Un tempo ai consumatori si promettevano prodotti duraturi e la longevità era una delle caratteristiche più pubblicizzate:
automobili ed
elettrodomestici, ma anche
abbigliamento e
scarpe erano giudicate dai nostri genitori in base agli anni di “servizio”.
E non solo, per far durare questi prodotti si vendevano altri prodotti: dall’
olio motore per la nostra vettura, all’anticalcare per la
lavatrice, alla candeggina delicata per preservare la
camicia dagli strappi.
Oggi il mondo va in un’altra direzione ed è diffusa la sensazione che la modernità non abbia portato un allungamento della vita dei prodotti. Al contrario, questi sembrano “programmati” per
cicli di vita più brevi. E’ il fenomeno che va sotto il nome di
obsolescenza programmata.
Di che si tratta? E’ presto detto: per usare le parole di
Serge Latouche (il filosofo francese della decrescita felice), “fin dall’inizio il prodotto viene concepito per avere una durata limitata”.
Guardate che non è una teoria complottista che vuole disegnare i produttori di beni come affaristi e speculatori. E’ storia: già nel 1924, negli Stati Uniti, i produttori di
lampadine costituirono un cartello anticoncorrenziale per limitare “convenzionalmente” la durata del prodotto a mille ore, mentre già all’epoca la vita media di una lampadina era più del doppio! Perché realizzare un simile
accordo sotto banco? Semplice: per garantire una richiesta costante di nuove lampadine e dunque
profumati introiti per i produttori.
Purtroppo il caso non è rimasto isolato: dai collant per signora alle stampanti, tanto meglio vendere prodotti destinati a rompersi pur di generare nei consumatori la necessità di acquistarne di nuovi. Sarà capitato anche a voi, portando in assistenza un elettrodomestico, di sentirvi dire che
riparare costa troppo, meglio comprarne uno nuovo.
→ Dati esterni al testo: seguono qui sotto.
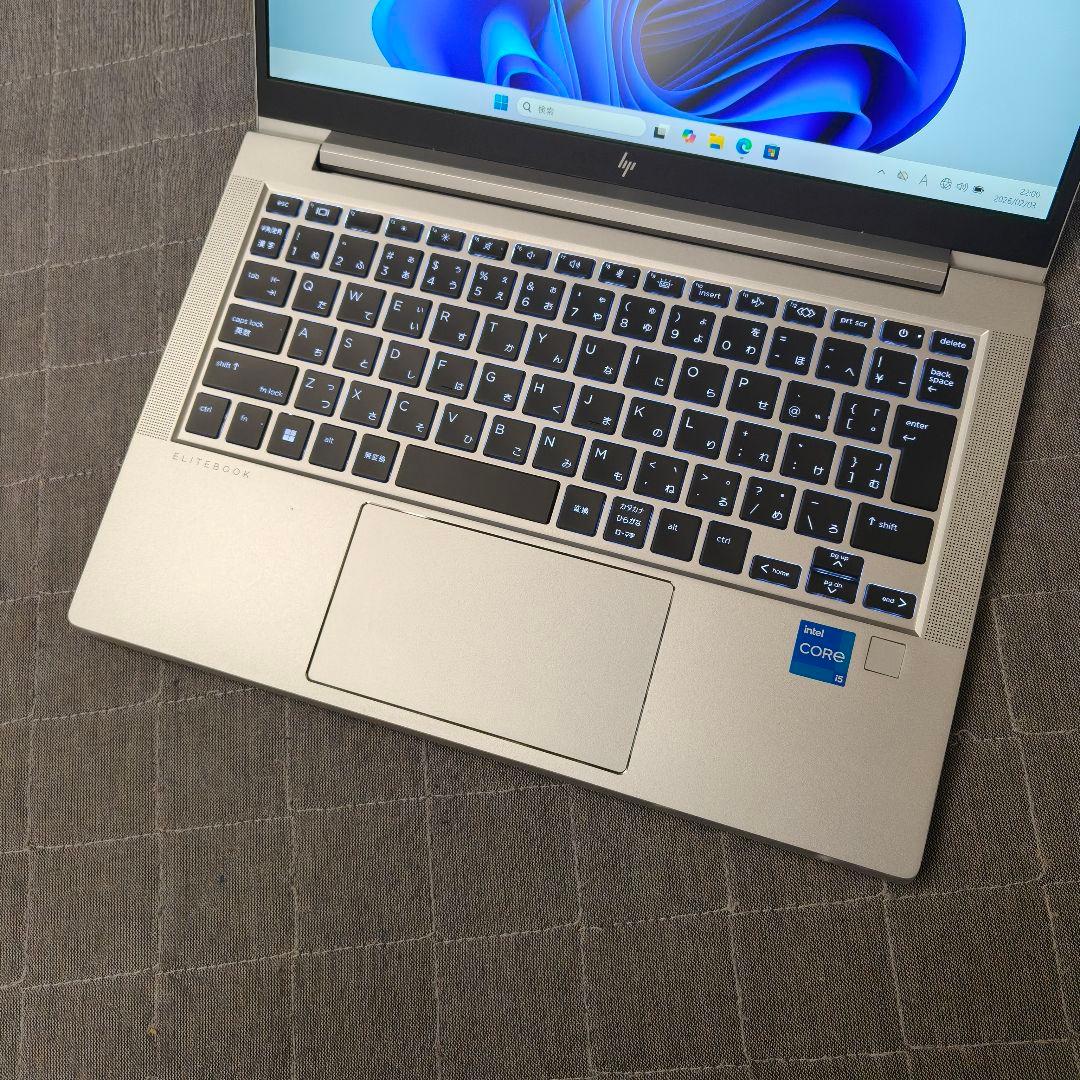 2024年2月 HP 日本製 美品 爆速 13世代i5 32GB 1TB 3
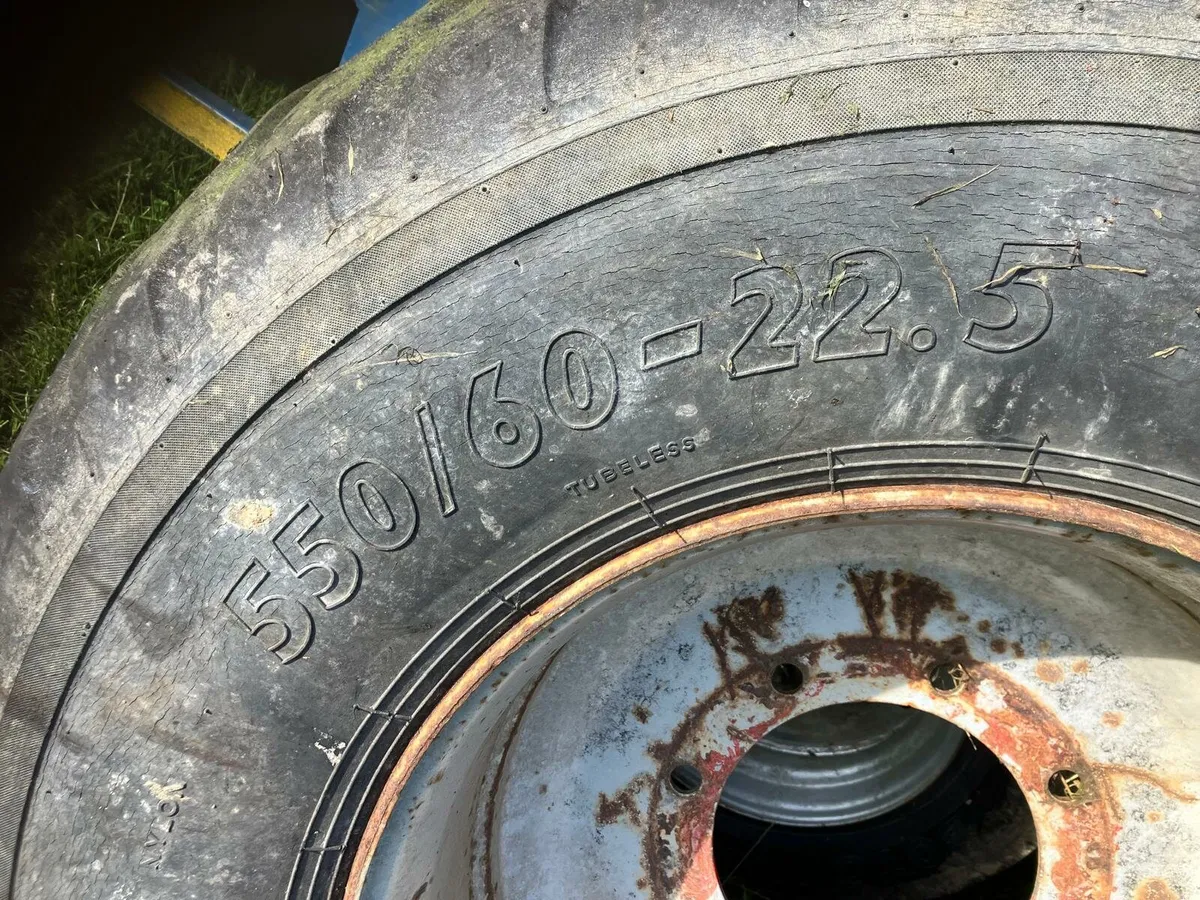 Slurry Tank Tyres - Image 1
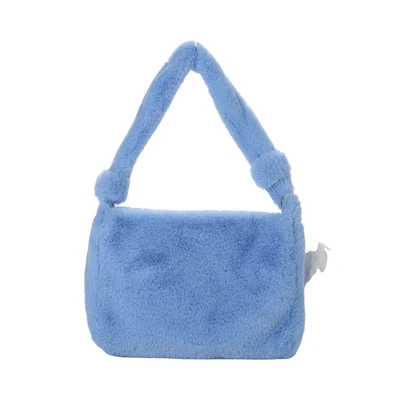 Gambar Disney Tote Bag Stitch Fluffy Collection - Biru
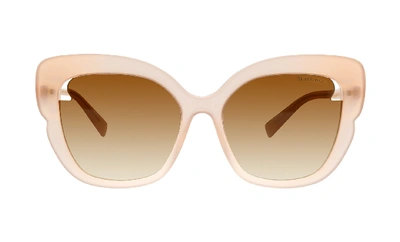 Shop Tiffany & Co Tf 4161 82543b Square Sunglasses In Opal Pink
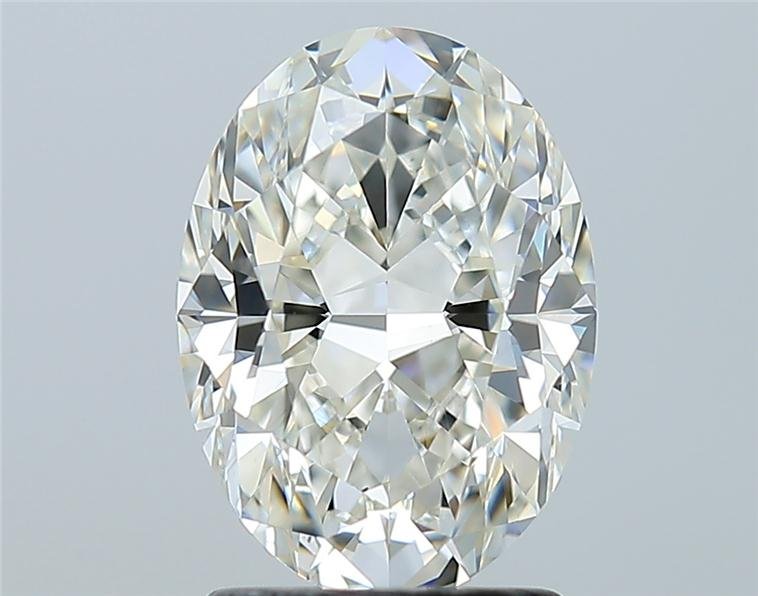 2.01 Carat Oval Natural Diamond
Allora forse sta proprio ai consumatori mettere fuori mercato prodotti a rapida obsolescenza. Non è facile rinunciare a comprare il prodotto più trendy, ma in tempi di crisi non possiamo accettare queste furbizie sulla nostra pelle.
Come venirne fuori? Forse per scoraggiare l’immissione sul mercato di prodotti-spazzatura dovremmo passare al
pay per use: invece di acquistare un prodotto, il consumatore potrebbe
pagare solo per utilizzarlo. Un modo per spingere le imprese a distribuire prodotti durevoli (ed anche a preservare l’ambiente). Che ne dite?